Two-Day Events Are a Silver Lining to NHRA’s 2020 Revised Schedule


Independent NHRA team owners Jim Maroney (Top Fuel) and Cruz Pedregon (Funny Car) have discovered at least one silver lining in the revised 2020 schedule that has pared six events from three days to two.

They could save significant money.

Races at Houston, Bristol, Norwalk, Seattle, Topeka and Reading will feature (for the pro classes) a format with two qualifying sessions Saturday and eliminations Sunday. The NHRA cited “a number of economic and logistical factors that have come into play as we rework the schedule” for the condensed competition timelines.

But before privateers such as Maroney and Pedregon get excited about racing becoming more affordable, the sanctioning body doesn’t appear to be testing the waters for a possible two-day format for 2021 and beyond.

These six 2020 events, however, could offer a look at how well something like that might work, perhaps with a Friday-Saturday format with Sunday used as a rain date. But Jessica Hatcher, the NHRA’s senior director of public relations and communications, said, “The simple answer is not at this time.
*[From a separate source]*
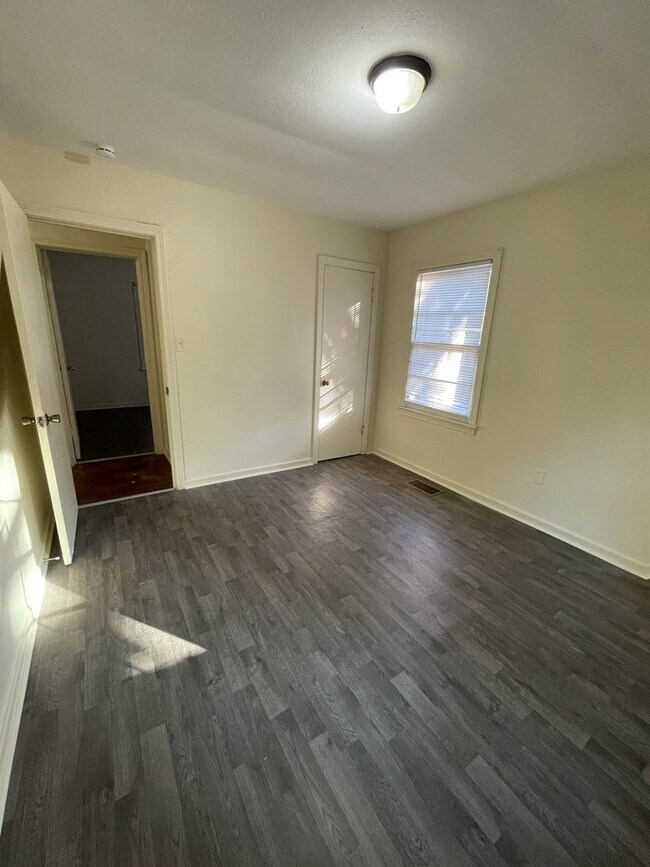 Building Photo - 2786 Brookwood Dr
We are all focused on the current situation at hand and how to make the best out of a tough situation. The sole focus when creating this schedule was to offer the most robust schedule possible while trying to incorporate some flexibility, since there are so many uncertainties right now.”

Maroney suspected as much.

“No, I don’t think it will be the new normal,” the Gilbert, Arizona, racer said. “Too much money is made on a three-day event. I don’t think track owners will want it.”

Maroney added, “There is absolutely a cost savings to this; I would guess somewhere around $50,000 an event for the big teams. As far as the independent teams, like mine, I see it as an advantage. I think you’ll see the smaller teams qualifying higher up the ladder. A couple things will contribute to this. First, the big teams won’t be ‘swinging for the fence,’ as they will be more concerned about getting down the track. So their performance will drop off slightly. Second, you’ll see (some) big-team cars not qualify because of tire smoke or parts failure.”

While a Friday-Saturday show with a Sunday rain date might seem tidy, Maroney didn’t think it is as sensible as it might sound.

“That might be a viable option if there is rain in the forecast,” Maroney said. “But it would be a nightmare to handle for ticket sales. Even though the racing might get done, it will be difficult to keep fans happy. The last people we want to upset is the paying ticket fans. Without them none of us would exist, especially the big teams. We would all end up like me, being ‘hobby racers,’” Maroney, 51, said.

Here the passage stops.